• Activity: Skip all pictures; return exactly the lines from the one containing "Apartment 1212 With Free Parking *" through the end of the data.

• Information provided:

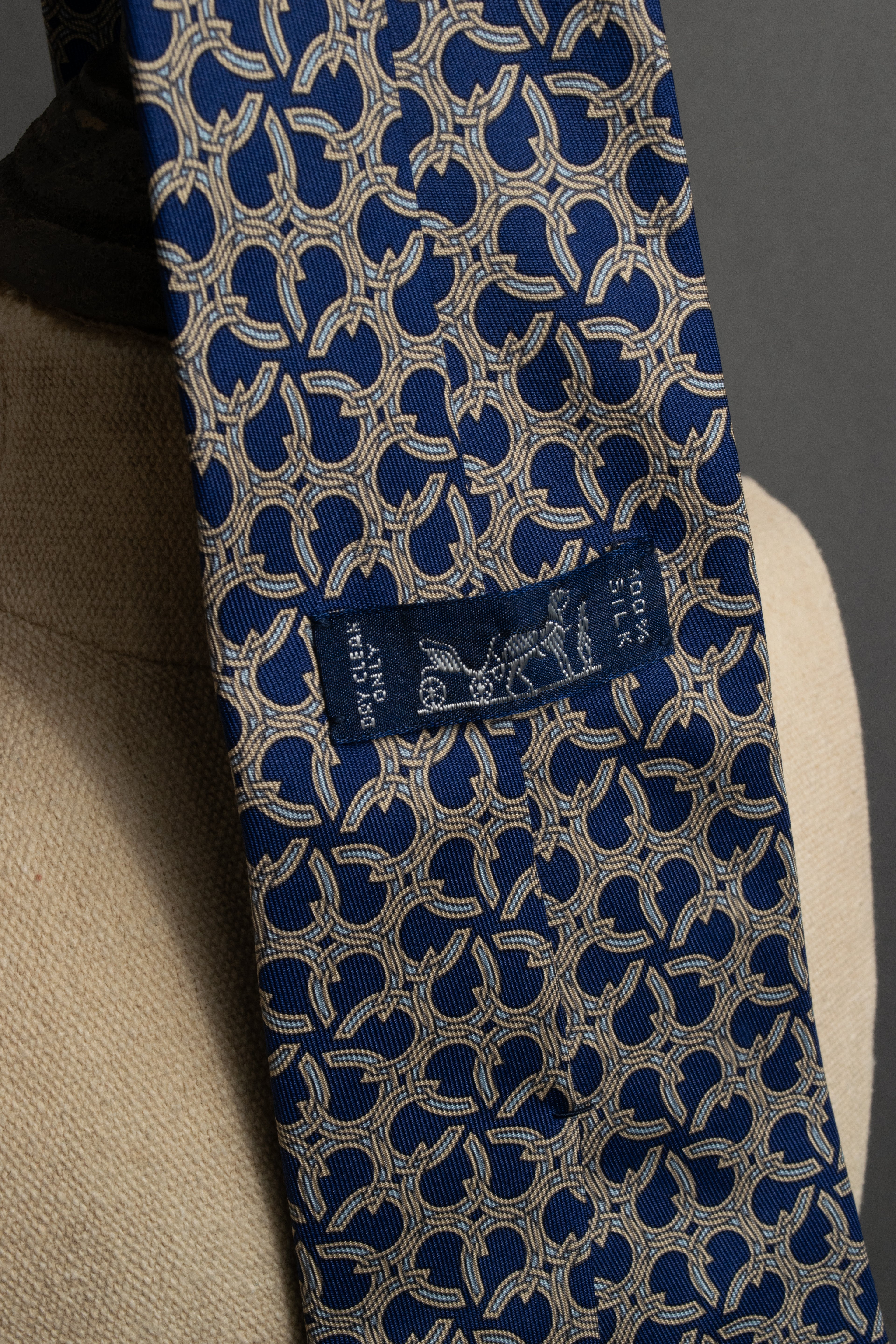 "HERMES" Saddlery anchor chain motif silk neck tie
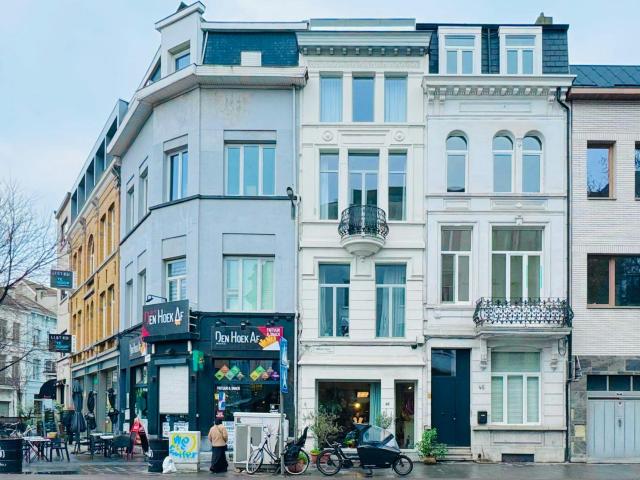 Maison à louer à Antwerpen, Montignystraat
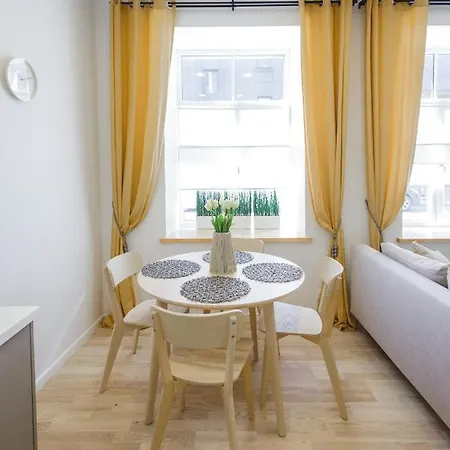 Apartment 1212 With Free Parking *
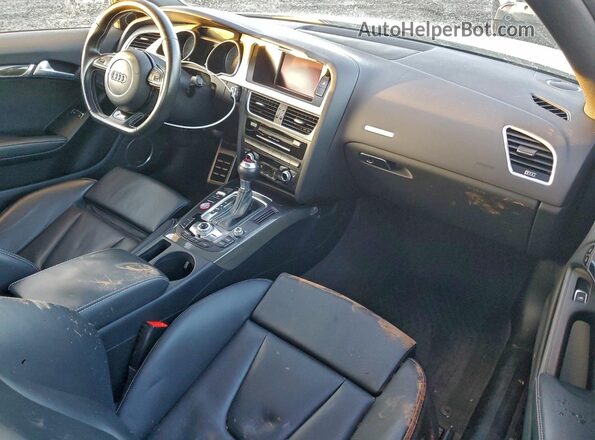 WAUC4AFR7HA000562 2017 AUDI S5 White Vista del salpicadero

• Answer box:
 Apartment 1212 With Free Parking *
 WAUC4AFR7HA000562 2017 AUDI S5 White Vista del salpicadero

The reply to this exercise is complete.